The same can be done at the level of other regular structures. Your two-core chip is really a four-core chip with a couple of bad cores. That's one of the reasons why the vendors are so eager to convince you that multicore is the Pearly Gates - it increases their effective yield. Re cache area:

To a first approximation, power cost of a cache is constant independent of size, whereas core power is superlinear. Consequently the limiting factor for increasing cache size is latency, not power. See ootbcomp.com/docs/encoding for how the Mill doubles instruction cache size without increasing latency.

I feel like the issue this faces isn't so much the belt length, since I think you'd probably just end up with a dominant choice (much like x86 managed to stick to a roughly unchanging number of registers for a very long time).

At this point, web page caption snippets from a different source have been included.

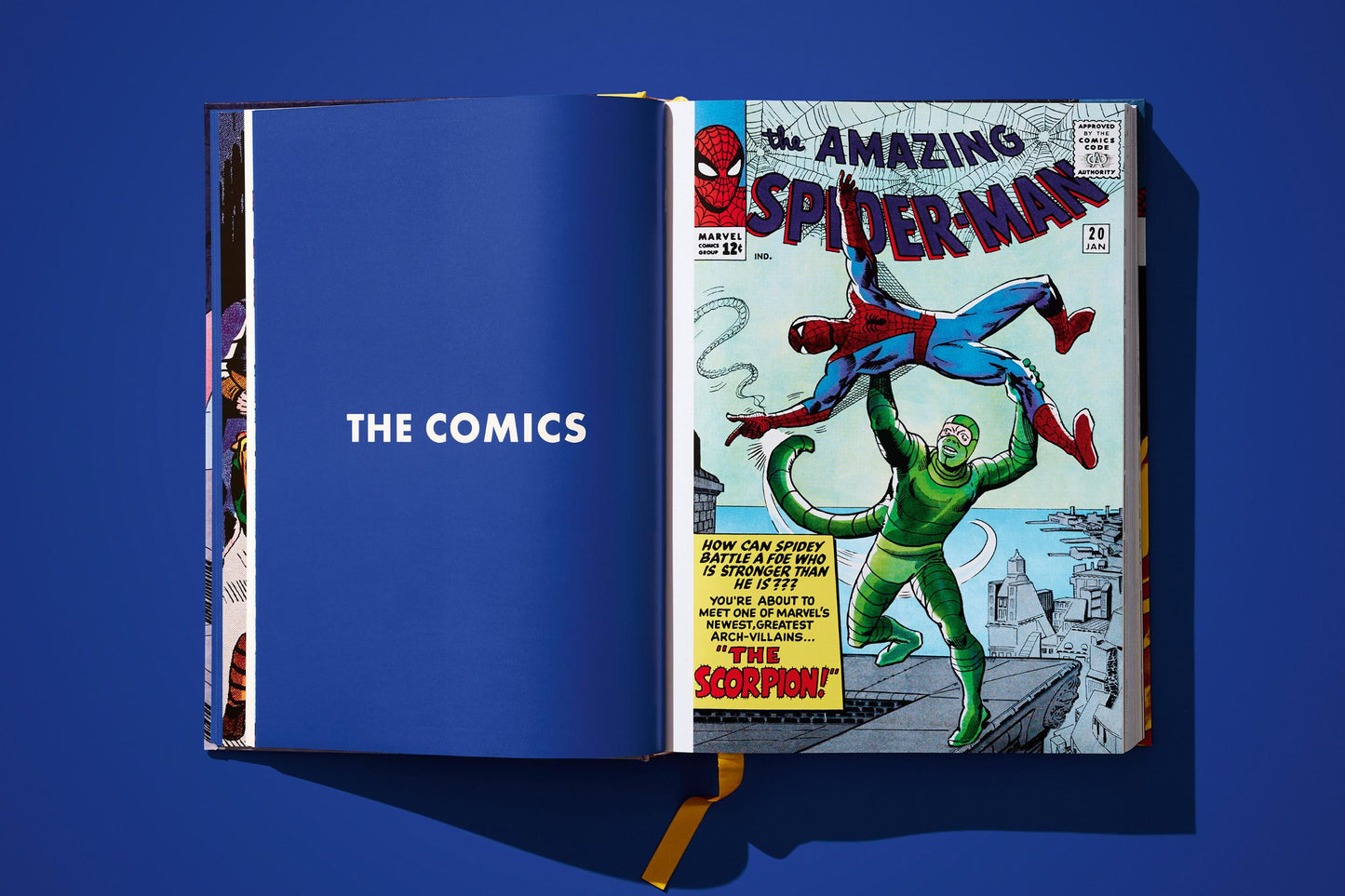 Marvel Comics Library. Spider-Man. Vol. 2. 1965–1966 (English)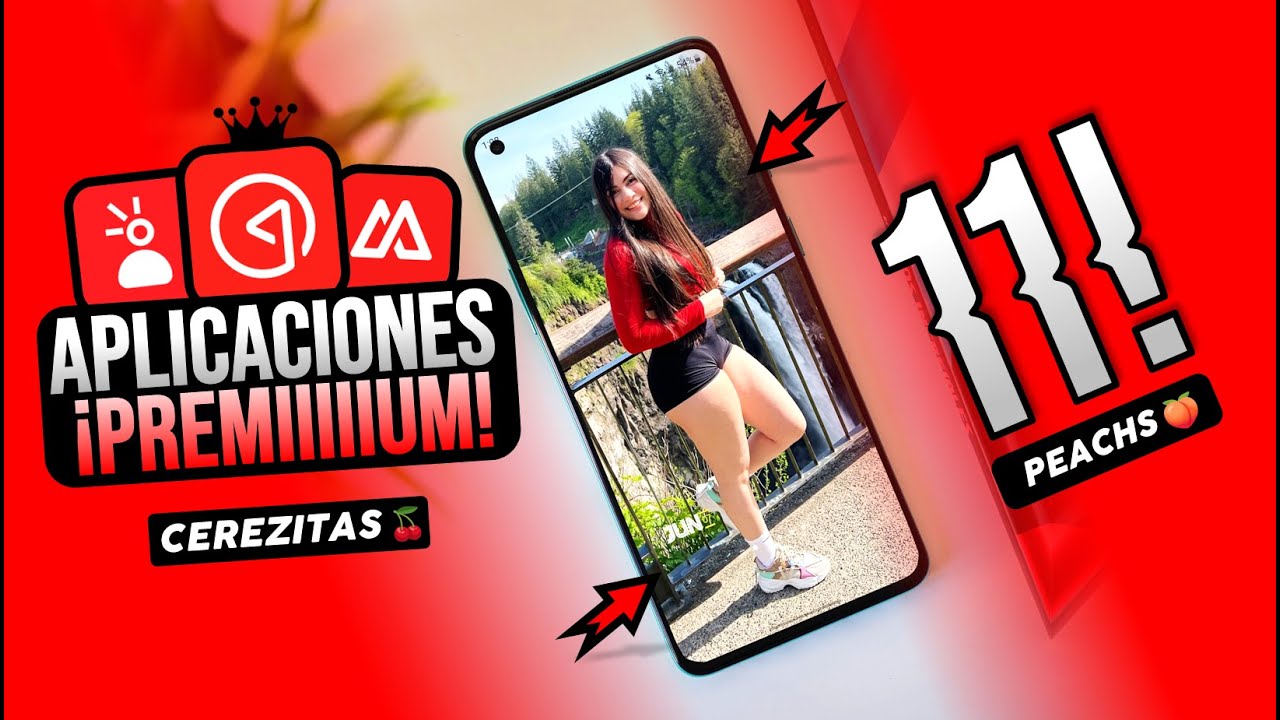TOP 11 APLICACIONES NUEVAS PARA ANDROID QUE DEBES PROBAR YA!!!!!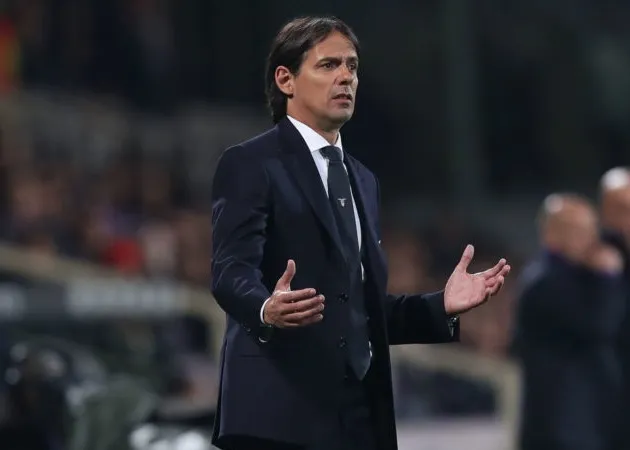 Chủ tịch Lazio nói lời thật lòng trước tin đồn Simone Inzaghi qua Juventus - Bóng Đá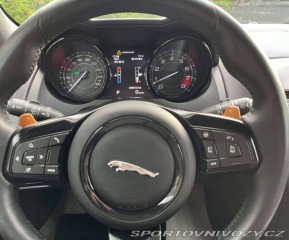 Jaguar F-Type 5.0 L V8 S Kompressor 2014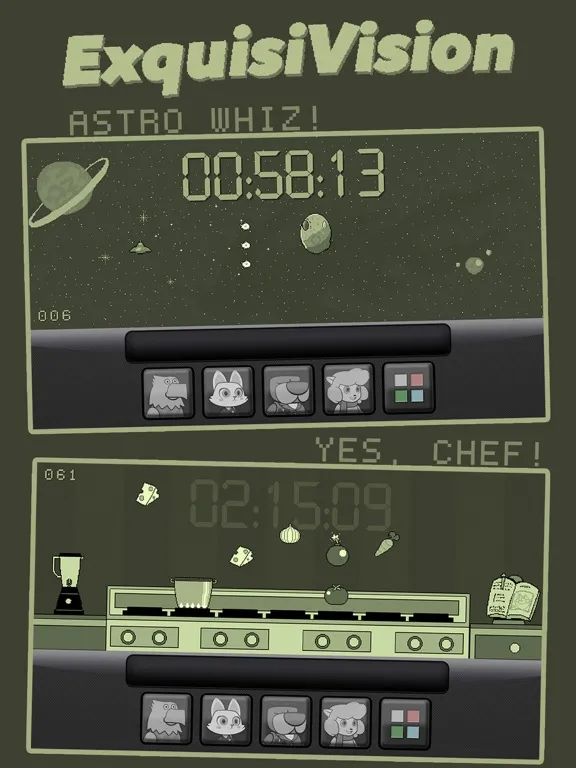Star Billions: A Sci-Fi Adventure iPad  スクリーンショット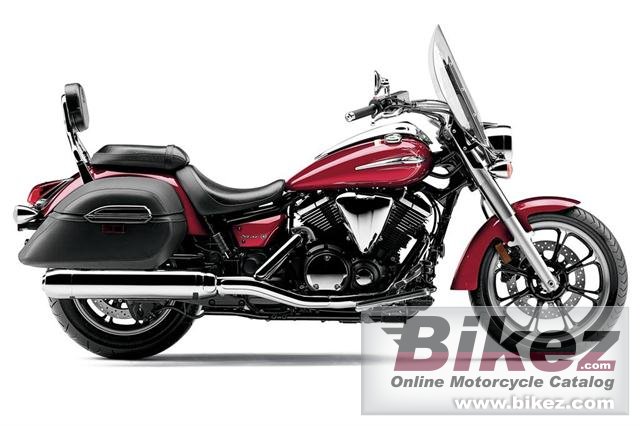 Yamaha V Star 950 Tourer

But the lack of latency hiding means you have to generate code to schedule starting operations at the right time. Mul taking 2 cycles means you want to start any dependent, but lower latency instructions after it. But if at some point in the future mul is scaled down to one cycle for whatever reason your timings will all be off and your belt occupancy will be less than ideal.

I kind of wonder if the reality is simply that there is nothing better equipped to schedule instructions than the cpu itself. Maybe we could have better ways to explicitly hint meaningful information to it, but I'm not sure shoving all the decisions to the compiler is a long term solution.

The obstacle would simply be recompiling from IR. That doesn't seem like a big challenge in today's environment for a large swath of devices -- nearly mobile devices, for instance, have nearly-complete top-to-bottom source code for all software running on the chip available. So that approach doesn't seem nearly as crazy as it would have 10-20 years ago.

Complete source code, except for the applications you want to run.

This assumes that the applications are provided fully compiled to object code. In situations where the applications are provided as bytecode (e.g. Android Dalvik) or are interpreted (e.g. Python) the applications of which you speak will run just fine.

...which (probably) explains why Google seems to be so interested in this new architecture. Besides Dalvik this new CPU architecture could also be used with the new Portable Native Client (PNaCl) which uses LLVM to compile to an intermediary bitcode. From this perspective, the Belt architecture makes a lot of sense.

Is this architecture going to face the same issue?

Why don't you just recompile?

I like this guy and his presentation style, it is good to see someone delivering seriously on an old idea: queue machines. (The "Belt" is the queue machine model revisited. I can't see a theoretical breakthrough here). But the Mill's realization that combines a queue model with VLIW and embedded spiller machinery is worth attention.

Some criticism however: no sign yet of how variable latencies in memory will be tolerated. Requiring fixed latency for FUs is problematic with cache misses and FU sharing between pipelines. Also his comparison between a 64-item belt and the 300+ registers of OoOE is unfair, since the 300+ registers will likely tolerate more latency than the smaller belt.

I wrote a review of what I get from his first two talks here: http://staff.science.uva.nl/~poss/posts/2013/08/01/mill-cpu/

Nice post; I had the same thought of using promises for memory access. I guess you could extend that to a massively-parallel design (promises for communication).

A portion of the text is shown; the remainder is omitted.